Plusieurs études rapportées par Zhai et al. [21] s’intéressent au rôle des NTC dans la réduction de l’usure et du frottement des matériaux composites, en particulier les composites NTC-céramique. Ces travaux sont détaillés dans la partie I.5.

Comportement tribologique des composites carbone-céramique

De nombreuses études portent sur l’utilisation des matériaux composites, sous forme de matériaux massifs ou de revêtements, pour des applications tribologiques. Une attention particulière est portée sur l’influence de la nature des particules sur le comportement tribologique des composites. Par exemple, l’ajout de particules dures permettrait d’augmenter la résistance à l’usure et celui de particules lubrifiantes de réduire les frottements. Cependant, la nature des particules insérées n’est pas le seul paramètre modifiant les propriétés tribologiques du revêtement composite. L’orientation, la taille, le module d’élasticité, la dureté et la ténacité des particules ont aussi une influence sur la résistance à l’usure abrasive (Figure I-13) [52].
Ces travaux montrent notamment que l’ajout de particules dont la dureté et le module de Young sont supérieurs à ceux de la matrice améliore la résistance à l’abrasion du revêtement composite. Les particules orientées parallèlement au sens de glissement seront plus facilement éliminées que les particules orientées perpendiculairement à la surface. Ces résultats ont motivé le choix des particules lubrifiantes dans le cadre de ces travaux. En effet, les NTC ayant un module de Young élevé pourraient améliorer la résistance à l’abrasion et le graphite qui présente une faible résistance au cisaillement pourrait faciliter la formation de troisième corps et par conséquence le glissement.
Nous nous intéresserons dans la suite de cette synthèse bibliographique aux travaux réalisés sur des composites carbone-céramique et notamment aux composites qui font l’objet de notre étude : NTC-céramique, graphène-céramique et graphite-céramique, à matrice alumine, silice ou alumine-silice, sous forme de matériaux massifs ou de revêtements.

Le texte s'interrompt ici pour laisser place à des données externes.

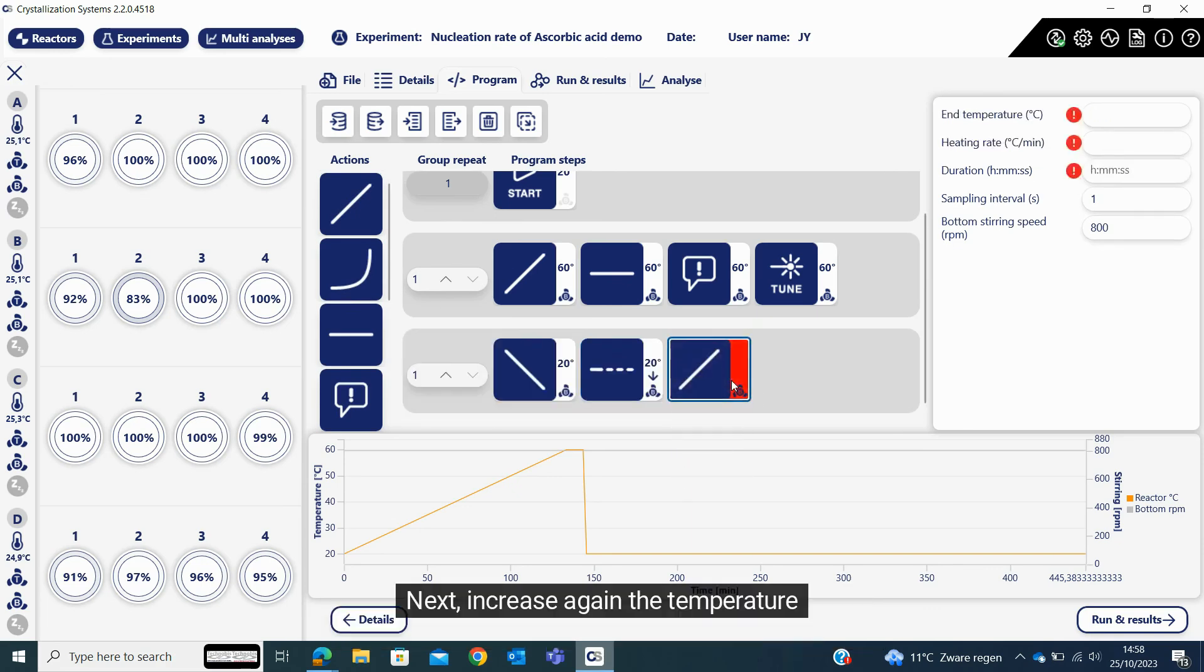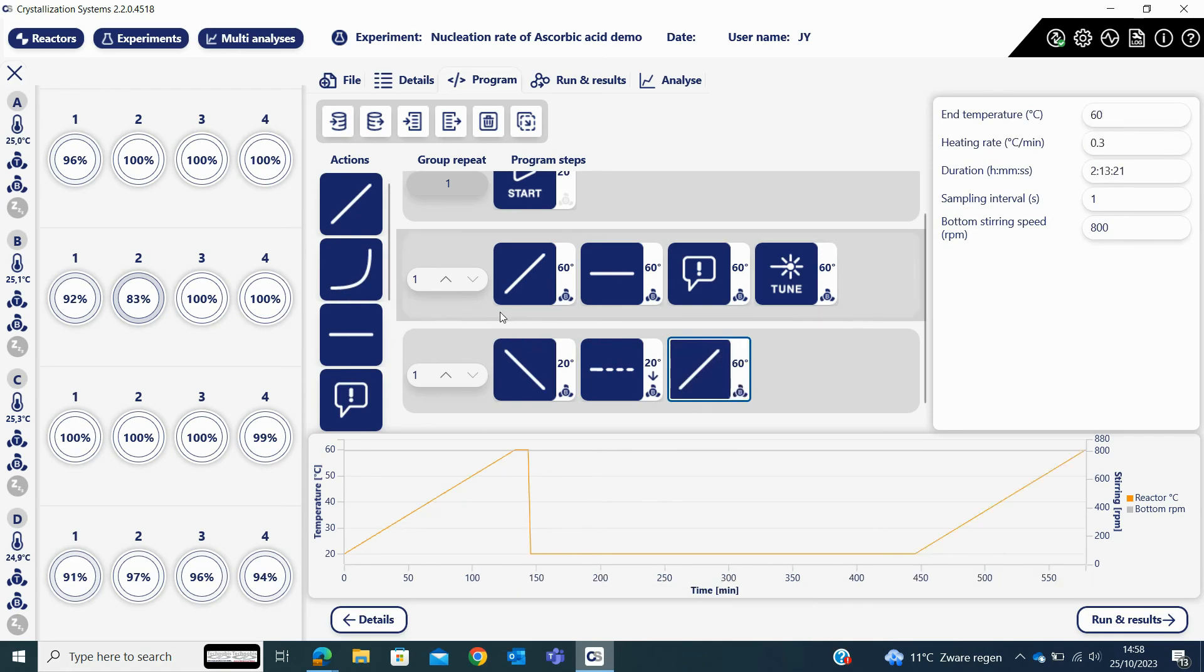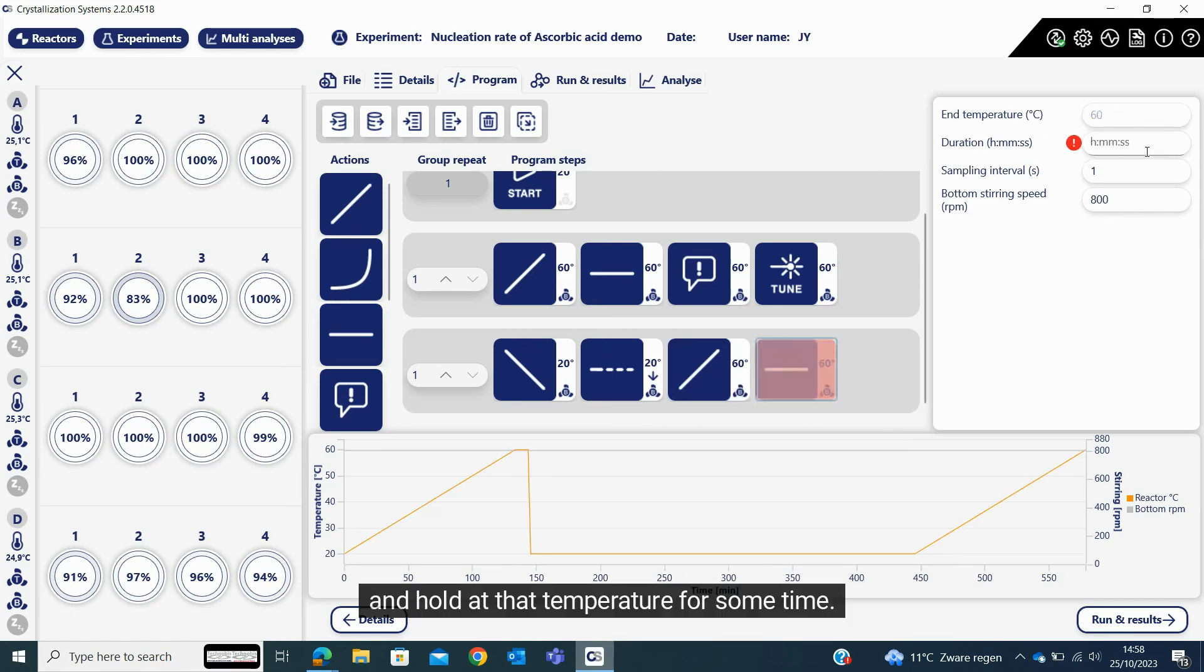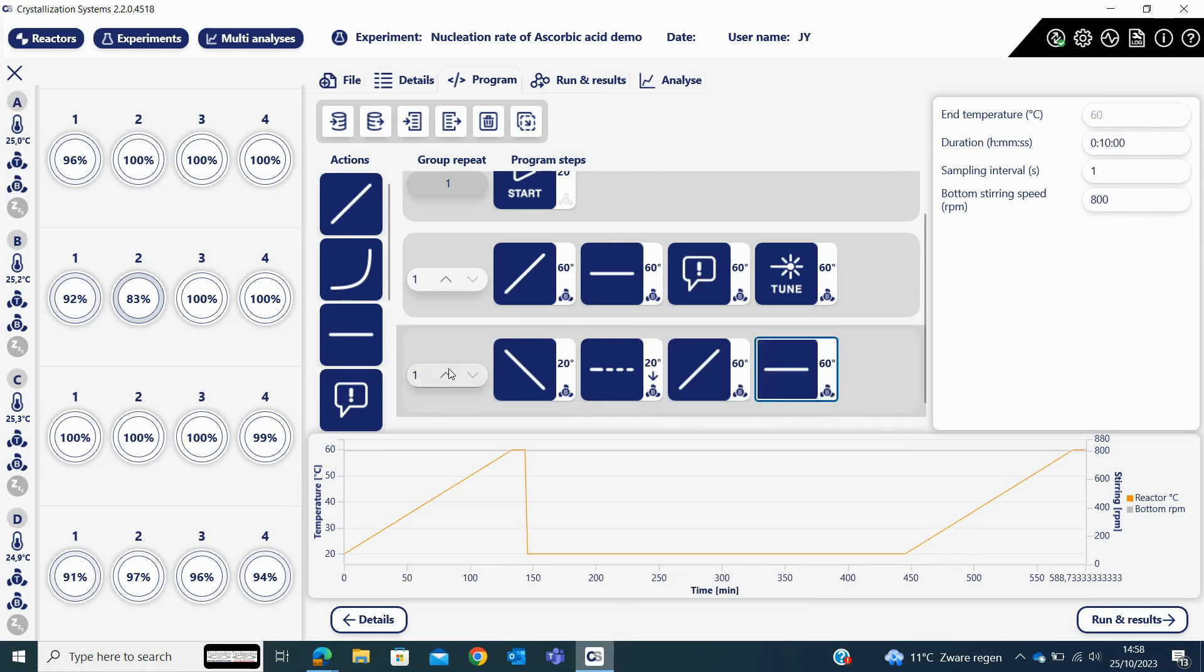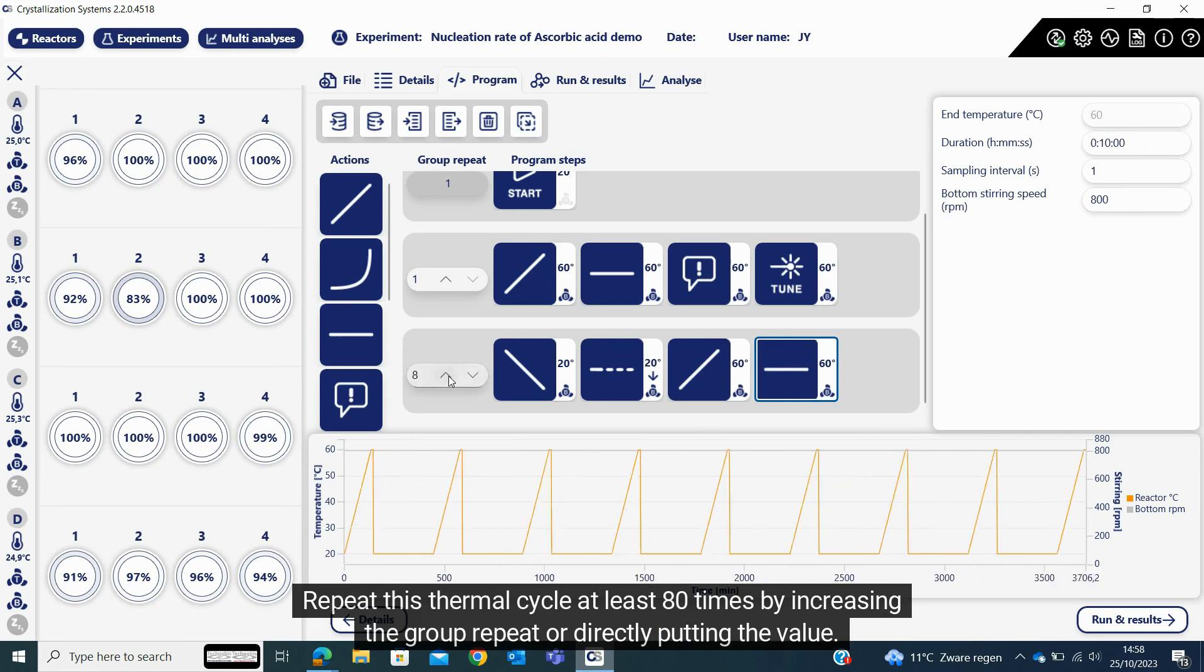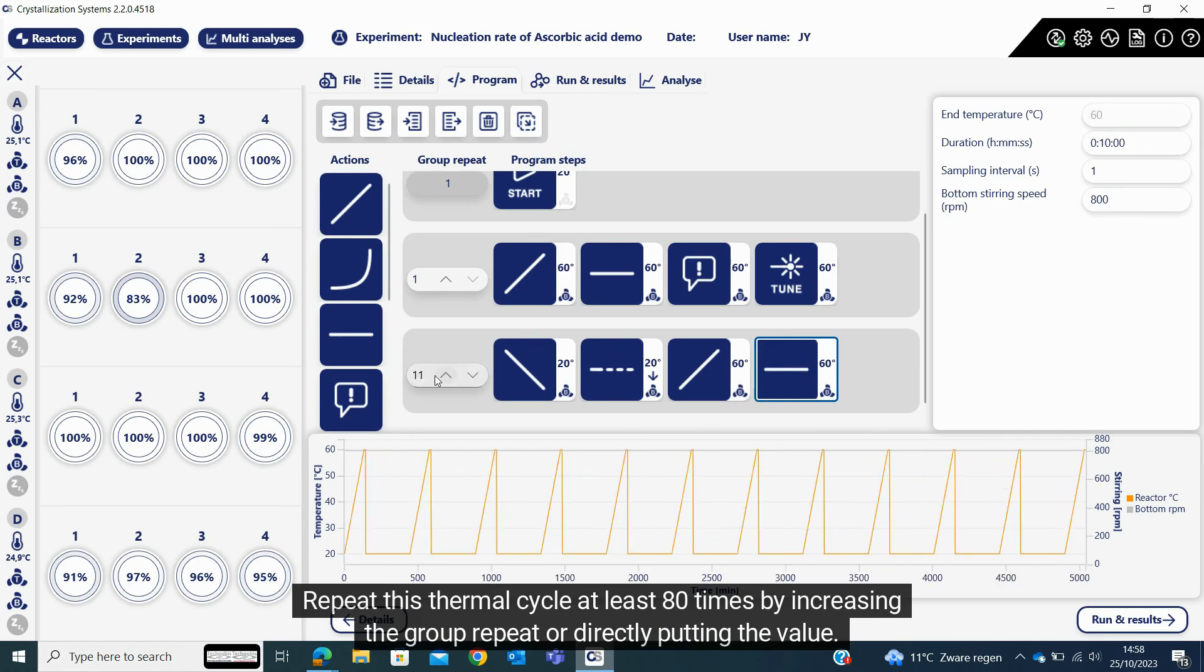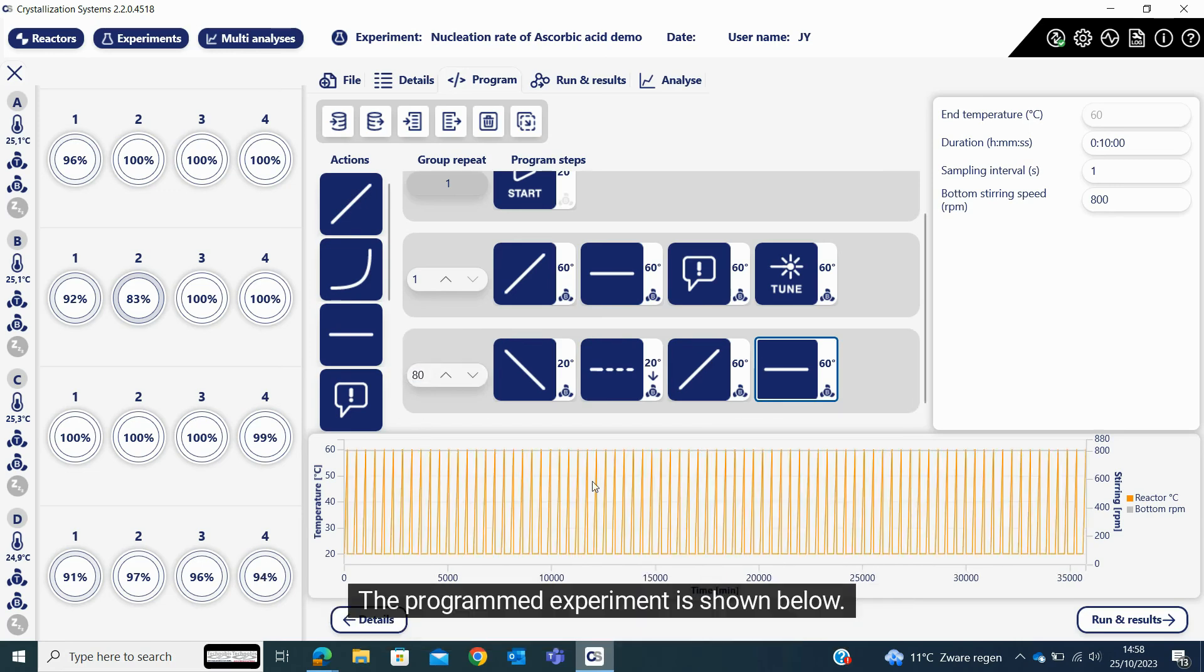Next, increase again the temperature at a slow heating rate and hold at that temperature for some time. Repeat this thermal cycle at least 80 times by increasing the group repeat or directly putting the value. The programmed experiment is shown below.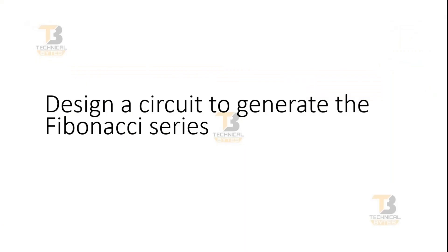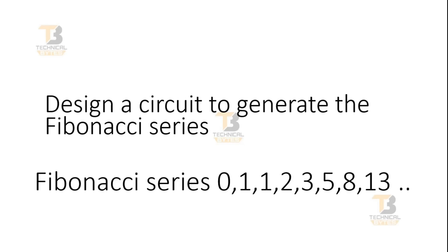Friends, the problem statement is on your screen where you have to design a circuit to generate the Fibonacci series. For those who do not know about the Fibonacci series, please go online and read the Wikipedia page or any other online resource to get more information about Fibonacci series.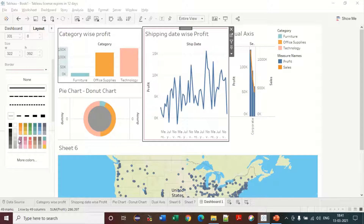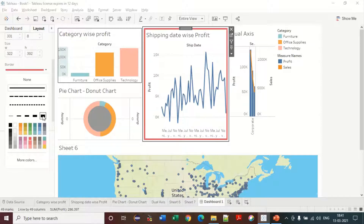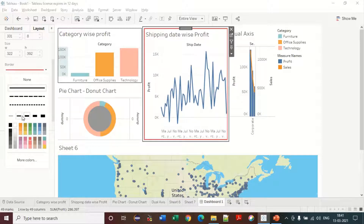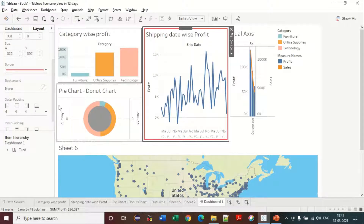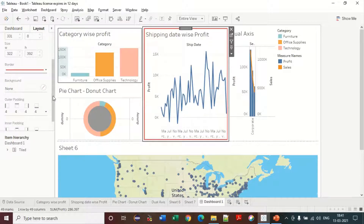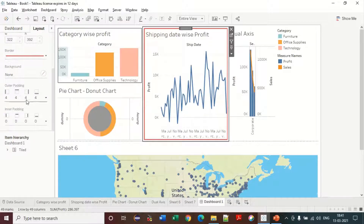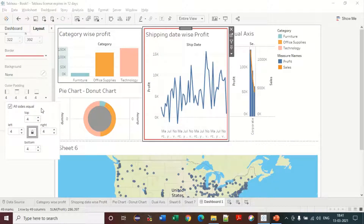You can make the border red or any color. You also have the option to make it bold or change the style, and you can set the thickness of the border.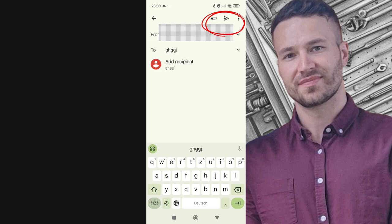The email will now leave the Drafts folder and move to your sent folder. If you've sent it to your own email address, it will appear in your inbox as a received email.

Les composites massifs carbone-céramique

Ahmad et al. [22] ont élaboré des composites massifs MNTC-Al2O3 par pressage à chaud (« hot-pressing »). Bien que le nombre de parois des MNTC ne soit pas cité, nous pouvons déduire qu’il s’agit de 40NTC car leur diamètre externe est de 40 nm. Les MNTC sont dispersés d’une manière homogène au sein de la matrice Al2O3. Le comportement tribologique des composites à différentes teneurs en carbone (0, 2, 5 et 10% mass.) est étudié par des essais de frottement bille-plan contre une bille en nitrure de silicium (Si3N4) sous différentes charges normales (14, 25 et 35 N). L’ajout de 10% mass. de carbone sous forme de 40NTC a permis d’augmenter de 63% la résistance à l’usure du composite par rapport à l’alumine pure pour une charge normale de 14 N (Figure I-14). Pour ces mêmes charge normale et teneur en carbone, 80% de réduction du coefficient de frottement dans le composite est relevée par rapport à l’alumine pure. Les auteurs attribuent ces améliorations au double rôle joué par les MNTC : indirectement, par leur influence sur la microstructure et les propriétés mécaniques du composite (pontage des grains et renforcement des joints de grains) et directement, en agissant comme un moyen de lubrification solide. D’après cette étude, la teneur en carbone optimale pour de meilleures performances tribologiques des NTC dans une matrice alumine serait aux alentours de 10 % mass. au moins pour les échantillons testés sous une charge normale de 14 ou 25 N (usure plus élevée sous 35 N).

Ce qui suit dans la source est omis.